Çoğunlukla sinematografik bu şiirle o bedenin, günlük hayatın, coğrafyanın içinde gezindikçe harfleri bile yüklenmek olanaklı tek tek. Çünkü - “Omuzdaki eller” şiirinde şairin düştüğü nottur - Hindistan’da görücü usulü evliliklerde genç kadınlar kocalarının yanına, evlerinden çok uzaklara taşınmak zorunda kalır, bir daha eski arkadaşlarını göremezler. “Koy elini omzuma / ve kalsın senin omzunda elim.”

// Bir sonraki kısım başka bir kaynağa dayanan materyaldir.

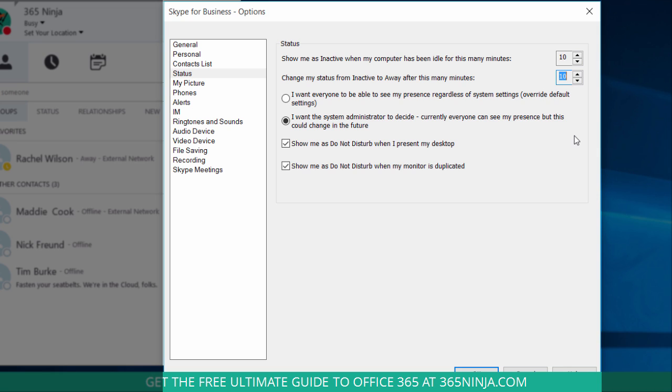Now you also have a couple options here. You can choose the radio button next to 'I want everyone to be able to see my presence regardless of system settings' or 'I want the system administrator to decide.' This again depends on how your administrator has Skype for Business set up. If you have more questions about that, contact your IT admin.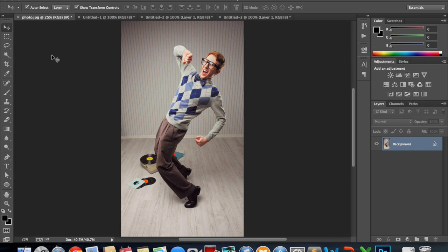So the first thing you have to do is just open up your photo in Photoshop CS6 or CC, whichever version you're using. Make sure that you can see the entire image.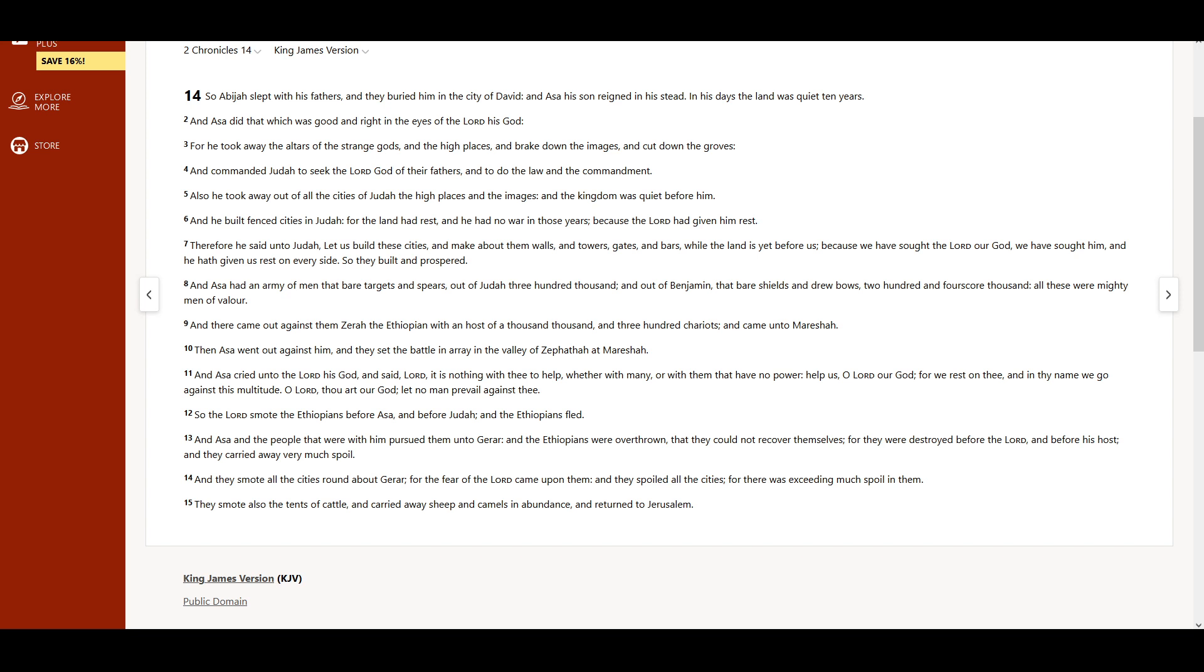And he built fenced cities in Judah, for the land had rest, and he had no war in those years, because the Lord had given him rest. Therefore he said unto Judah, Let us build these cities,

Çünkü Udaipur Gölü kıyısında binlerce kız bebek israf edilir, zehirli sülfürik asit gibi atılarak suya. Bir ailenin keçi almak için çok küçük paraya kızlarını sattığı, oğullarını satmadığı yazılı gazete haberinden sonra yazdığı, “Onlar keçi, kız değil ki” şiiri yeter artar dargınlığına ya; Saxena’nın başarısı umudu, savaşımı sözünün özünde.
“Kanatlar, düşler, uçuş ve gök/bunlar yanında olduğu sürece, / tutamaz onu hiç kimse”. Ölüm ise yük değil, “İşte ayın yansıması / ve işte su kabarcığı / Sona erdi yaşamı”.
Kendisi, içine doğduğu yerel ve evrensel kültür ve dünyayla az dargın çok barışık. Sorumluluğunu bilen “şair sözü” onunki. Dünyayı görüşündeki kederli (doğal olarak) netlik, aslında en cesurların seçmeyi yeğlediği yaşama sevincini sezdiren - kimimize işaret eden - dünya görüşüne penceremizi açıp da bakmamızı sağlıyor.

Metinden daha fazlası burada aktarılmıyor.